Synchronisation of the installation schedule with the submarine docking program and any change in that program is a medium risk to the project delivery schedule, mitigated by consultative management.

Electronic Systems Division

Next Generation Satellite Program—JP 2008 Phase 4

Prime Contractor: Boeing via the US Government

This project seeks to deliver high-priority components of the next generation satellite communication system supporting the ADF from 2008 onwards. The project will address the ADF’s wideband satellite communications requirements through Australia partnering on the US Wideband Global Satellite (WGS) Communication System program.

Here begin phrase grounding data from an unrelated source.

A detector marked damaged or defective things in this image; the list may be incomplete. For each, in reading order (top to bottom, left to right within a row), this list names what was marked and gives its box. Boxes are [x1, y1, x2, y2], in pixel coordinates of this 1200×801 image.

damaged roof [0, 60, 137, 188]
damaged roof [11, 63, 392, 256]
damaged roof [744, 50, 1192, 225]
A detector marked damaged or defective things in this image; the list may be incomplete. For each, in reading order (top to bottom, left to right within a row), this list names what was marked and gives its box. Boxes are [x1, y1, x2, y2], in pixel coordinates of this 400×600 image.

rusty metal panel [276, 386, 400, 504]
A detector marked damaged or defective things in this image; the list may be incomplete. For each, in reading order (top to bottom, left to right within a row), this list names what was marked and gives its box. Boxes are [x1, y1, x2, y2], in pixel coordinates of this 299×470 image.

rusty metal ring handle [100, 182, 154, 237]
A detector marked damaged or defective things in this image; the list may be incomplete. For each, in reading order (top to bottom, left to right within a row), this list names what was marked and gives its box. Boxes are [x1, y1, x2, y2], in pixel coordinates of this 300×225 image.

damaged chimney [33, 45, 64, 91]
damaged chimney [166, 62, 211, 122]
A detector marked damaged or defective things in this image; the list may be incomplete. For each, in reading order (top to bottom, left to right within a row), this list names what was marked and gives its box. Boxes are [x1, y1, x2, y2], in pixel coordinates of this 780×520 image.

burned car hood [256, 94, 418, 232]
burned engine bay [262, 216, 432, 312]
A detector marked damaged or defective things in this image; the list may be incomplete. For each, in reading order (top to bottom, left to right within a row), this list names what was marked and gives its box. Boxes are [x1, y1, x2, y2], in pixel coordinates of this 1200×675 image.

Interim anchoring provides early access to the first block of WGS satellite flights through a mix of offshore anchoring using US facilities with backhaul to Australia and small capacity in-country anchoring for direct access to WGS satellites viewable from within Australia. The early realisation of space segment capability requires the ability to anchor the satellites and interface into the ADF networks. The interim anchoring capability will be delivered incrementally commensurate with both operational needs and WGS capacity available to Australia.

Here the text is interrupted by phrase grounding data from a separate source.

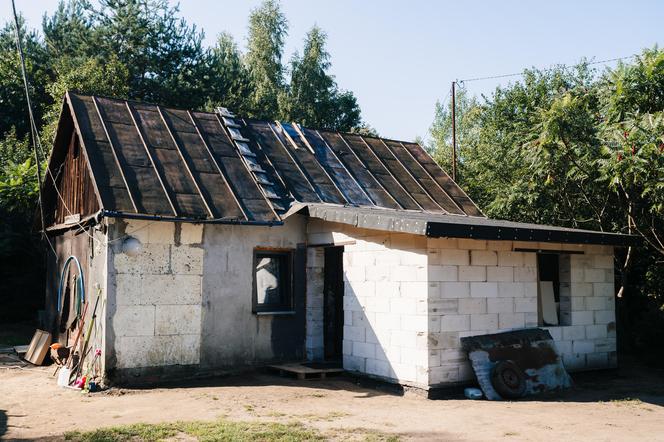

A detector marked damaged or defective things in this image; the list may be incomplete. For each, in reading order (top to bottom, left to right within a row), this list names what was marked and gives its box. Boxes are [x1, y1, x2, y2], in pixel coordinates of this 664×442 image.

rusty metal roof [50, 93, 482, 224]
rusty metal sheet [462, 328, 572, 400]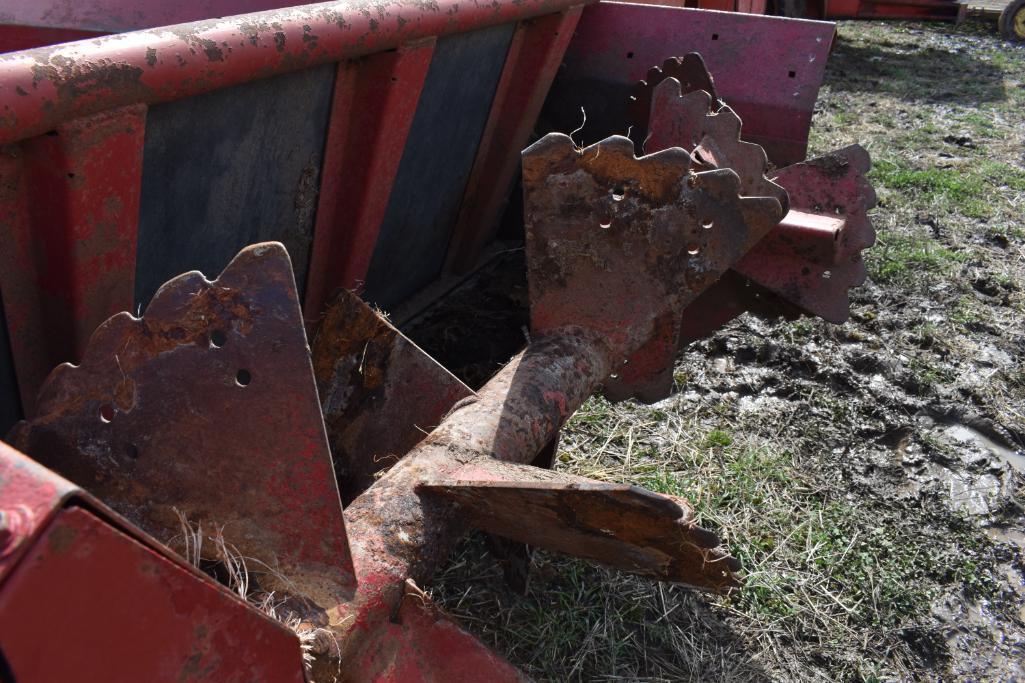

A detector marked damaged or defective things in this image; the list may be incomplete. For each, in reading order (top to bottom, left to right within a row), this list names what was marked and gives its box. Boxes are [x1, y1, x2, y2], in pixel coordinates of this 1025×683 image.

heavy rust [9, 243, 356, 616]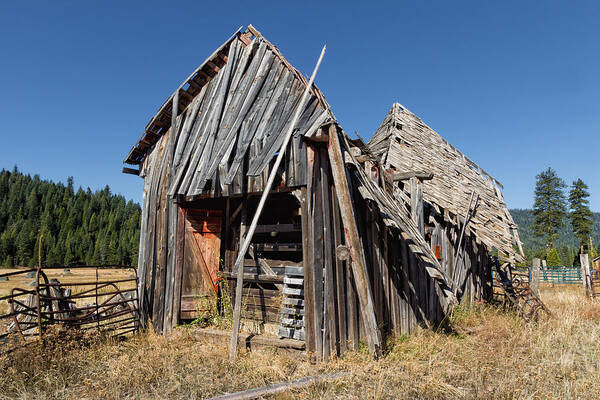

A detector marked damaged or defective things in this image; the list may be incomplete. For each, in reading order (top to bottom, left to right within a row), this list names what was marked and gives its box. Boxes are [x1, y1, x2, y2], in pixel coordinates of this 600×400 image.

The first satellite (WGS-1), with a footprint over the Pacific Ocean, has been providing operational capability to Australia since June 2008. The second satellite (WGS-2) is expected to provide operational capability from August 2009. WGS-3 which is not viewable from Australia, is scheduled for launch in August 2009. The project is progressing the interim anchoring and offshore anchoring solutions to allow indigenous anchoring of WGS from the eastern and western seaboard. Planning and monitoring tools will be installed in the Defence Network Operations Centre by December 2009 to provide real-time management of the WGS resources allocated to Australia under the partnership.

The highest risk for this project remains satellite launch failure. With the successful launch of WGS-1 in October 2007, reinforced by the good track record of the launch vehicles being used (100 per cent success rate since 2002 over 20 launches), the likelihood remains low.

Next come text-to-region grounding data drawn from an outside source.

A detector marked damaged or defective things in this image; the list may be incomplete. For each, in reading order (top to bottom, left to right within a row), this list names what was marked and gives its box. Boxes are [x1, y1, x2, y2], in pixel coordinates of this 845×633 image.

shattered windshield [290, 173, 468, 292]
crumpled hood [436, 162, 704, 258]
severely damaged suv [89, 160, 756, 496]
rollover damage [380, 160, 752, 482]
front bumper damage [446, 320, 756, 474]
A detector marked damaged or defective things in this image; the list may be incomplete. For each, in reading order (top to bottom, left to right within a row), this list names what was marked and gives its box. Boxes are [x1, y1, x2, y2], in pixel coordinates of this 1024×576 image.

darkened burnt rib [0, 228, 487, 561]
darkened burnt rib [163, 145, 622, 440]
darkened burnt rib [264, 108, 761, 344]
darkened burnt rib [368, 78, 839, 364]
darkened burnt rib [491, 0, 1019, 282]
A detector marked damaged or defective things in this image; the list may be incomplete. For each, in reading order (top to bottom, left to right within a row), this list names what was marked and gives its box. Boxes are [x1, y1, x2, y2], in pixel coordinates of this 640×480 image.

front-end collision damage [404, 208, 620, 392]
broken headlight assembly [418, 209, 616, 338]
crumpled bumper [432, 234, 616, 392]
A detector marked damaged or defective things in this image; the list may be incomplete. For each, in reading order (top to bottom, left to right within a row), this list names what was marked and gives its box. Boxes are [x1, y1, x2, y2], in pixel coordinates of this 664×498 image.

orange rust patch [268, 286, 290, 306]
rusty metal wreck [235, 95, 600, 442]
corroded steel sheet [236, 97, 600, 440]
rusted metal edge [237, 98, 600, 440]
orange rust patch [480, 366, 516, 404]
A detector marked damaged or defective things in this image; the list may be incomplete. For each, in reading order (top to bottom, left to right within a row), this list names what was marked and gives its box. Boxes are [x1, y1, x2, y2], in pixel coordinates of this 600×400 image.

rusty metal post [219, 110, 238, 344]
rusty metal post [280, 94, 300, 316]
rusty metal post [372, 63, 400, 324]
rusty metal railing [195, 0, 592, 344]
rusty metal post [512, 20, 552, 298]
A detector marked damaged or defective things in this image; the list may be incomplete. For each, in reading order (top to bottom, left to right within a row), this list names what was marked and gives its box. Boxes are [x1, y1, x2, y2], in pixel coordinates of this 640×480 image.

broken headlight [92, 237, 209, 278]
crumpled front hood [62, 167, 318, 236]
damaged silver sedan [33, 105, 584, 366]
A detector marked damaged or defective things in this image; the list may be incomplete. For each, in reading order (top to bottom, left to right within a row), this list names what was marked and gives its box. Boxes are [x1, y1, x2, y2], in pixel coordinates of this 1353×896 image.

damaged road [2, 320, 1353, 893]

Risk management rigour is being applied by the US joint program office. Boeing (USA) and Australia’s access to an expanding capability through a constellation of six satellites reduces the impact of the risk. Australia has confirmed that third party liability insurance is in place for liability related to the launch of satellite six.

Ultra High Frequency Satellite Communications—JP 2008 Phase 5A

Prime Contractors: Intelsat LLC

This project seeks to deliver an enhanced Ultra High Frequency (UHF) satellite communications capability over the Indian Ocean region. Intelsat LLC has been contracted to include a hosted UHF payload, owned by Defence, on the IS-22 commercial satellite that Intelsat plans to launch to provide commercial pay-TV and data services. IS-22 is scheduled to commence in orbit operations in mid-2012. The project will also upgrade the Australian network control system to handle the additional capacity provided by the payload. Intelsat will support the capability for 15 years following in orbit acceptance by Defence.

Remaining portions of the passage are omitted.